Sur le territoire martiniquais, nous travaillons étroitement avec les maires, les polices municipales, et les acteurs sociaux pour une approche intégrée. Ce contrat vise à rassembler tous les intervenants autour d’un cadre commun, où chacun contribue selon ses compétences et ses moyens.
Quels sont les principaux défis auxquels vous êtes confronté ?
L’un des défis majeurs est la lutte contre le narcotrafic. La Martinique est un point de passage stratégique pour les trafics internationaux. Depuis deux ans, nous avons intensifié les contrôles et saisi d’importantes quantités de drogues, notamment 35 tonnes de cocaïne. Mais le travail reste immense, car ce type de criminalité est bien organisé et évolue rapidement.

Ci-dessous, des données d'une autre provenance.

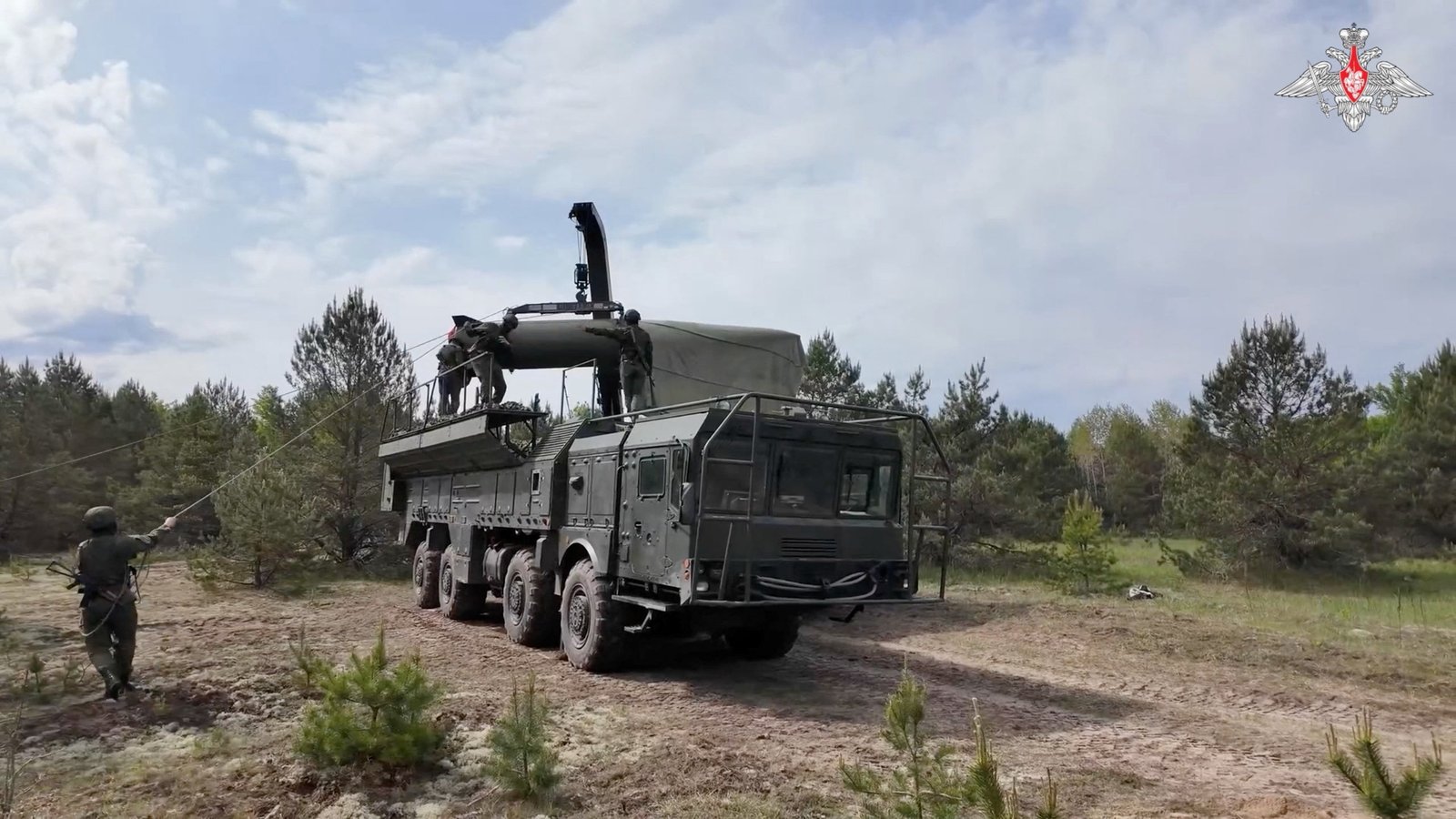 Militärkonvoi bewegt geschützte Behälter während Russland Atomwaffen verlegt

Un autre défi est de maintenir une coopération efficace entre tous les acteurs. Ce contrat nous a permis de faire un pas significatif dans ce sens, mais il faut garder cette dynamique sur la durée.
Quelle place occupe la technologie dans ce dispositif ?
La technologie joue un rôle clé. Outre le drone et le scanner portuaire, nous développons des outils de vidéosurveillance dans les communes et sur les axes stratégiques. La vidéosurveillance est un outil précieux pour identifier des infractions ou collecter des preuves. Cependant, elle ne suffit pas à elle seule. Il est crucial de combiner ces outils avec une présence humaine renforcée sur le terrain et des actions préventives.
Quels sont vos objectifs pour les mois à venir ?
Notre priorité est de passer à une phase pleinement opérationnelle. Les moyens matériels et humains sont désormais en place ou en cours de déploiement. Nous devons maximiser leur impact. Cela inclut une meilleure coordination régionale avec nos voisins, une intensification des contrôles, et un travail plus poussé avec les collectivités pour agir en amont, notamment sur la prévention et l’insertion.
Nous souhaitons également élargir l’implication des bailleurs sociaux et des acteurs du logement. Leur rôle est crucial, car une partie significative de la population martiniquaise vit en habitat collectif. La prévention de la délinquance doit aussi passer par ces espaces.
Un dernier mot ?
La sécurité en Martinique est un défi immense, mais pas insurmontable. Avec les efforts conjugués de tous les acteurs, nous pouvons faire progresser la situation. Ce territoire a un potentiel extraordinaire, mais il nécessite une vigilance constante et des moyens adaptés. Je reste convaincu que nous sommes sur la bonne voie.